# Data to examine

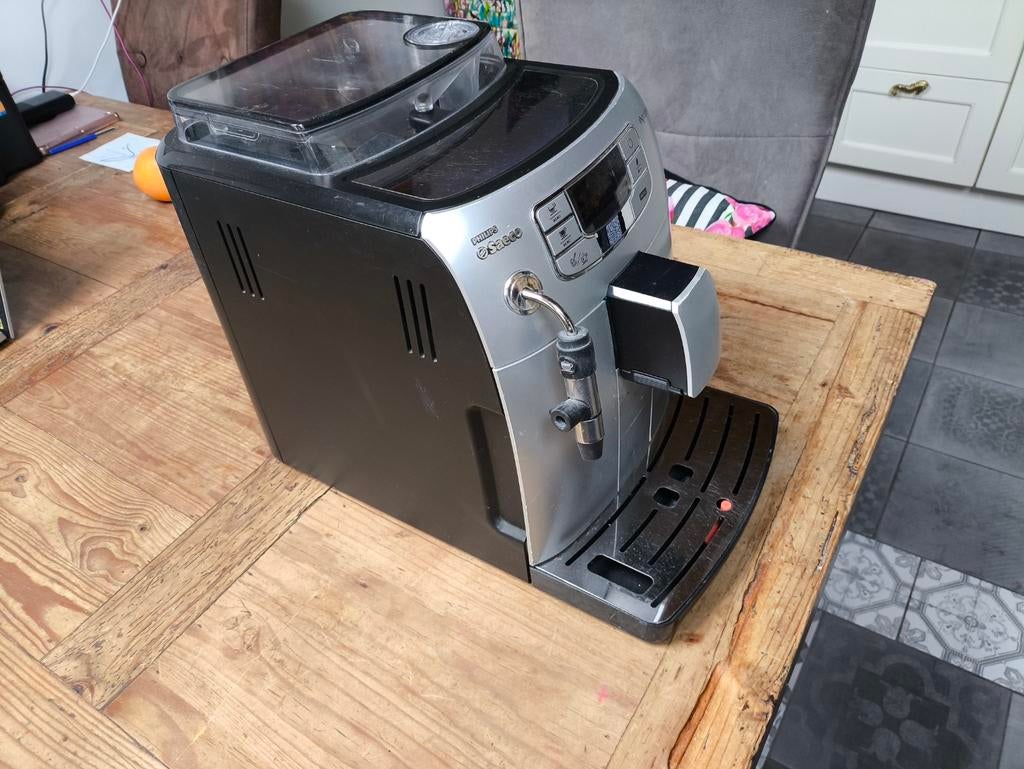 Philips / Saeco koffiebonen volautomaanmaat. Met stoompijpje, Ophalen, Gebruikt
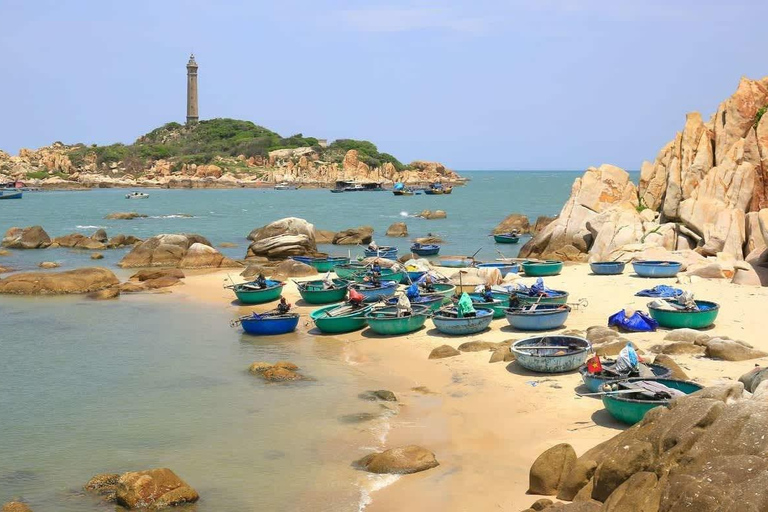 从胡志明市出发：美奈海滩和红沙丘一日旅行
==
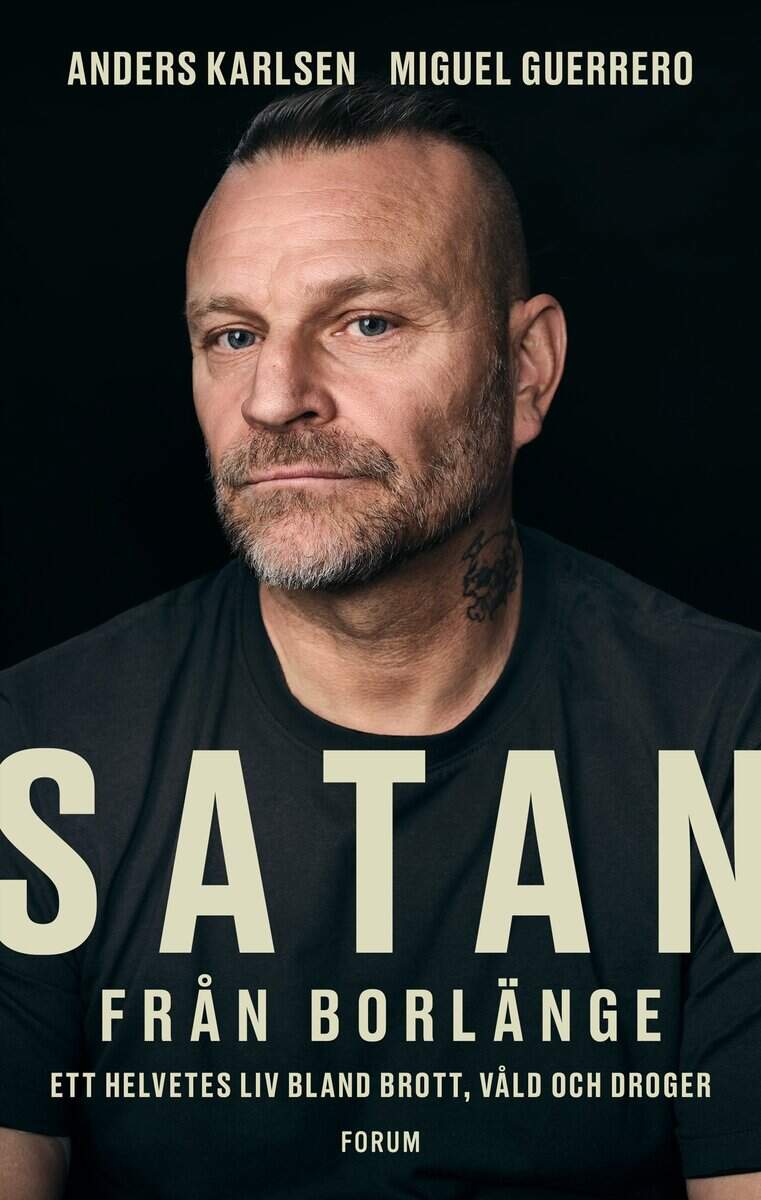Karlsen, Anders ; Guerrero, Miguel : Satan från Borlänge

# What is needed
Lines from the one above containing "Philips / Saeco" down to the one containing "从胡志明市出发：美奈海滩和红沙丘一日旅行" should be transcribed exactly, with both ends kept and no pictures.

# Task result
 Philips / Saeco koffiebonen volautomaanmaat. Met stoompijpje, Ophalen, Gebruikt
 从胡志明市出发：美奈海滩和红沙丘一日旅行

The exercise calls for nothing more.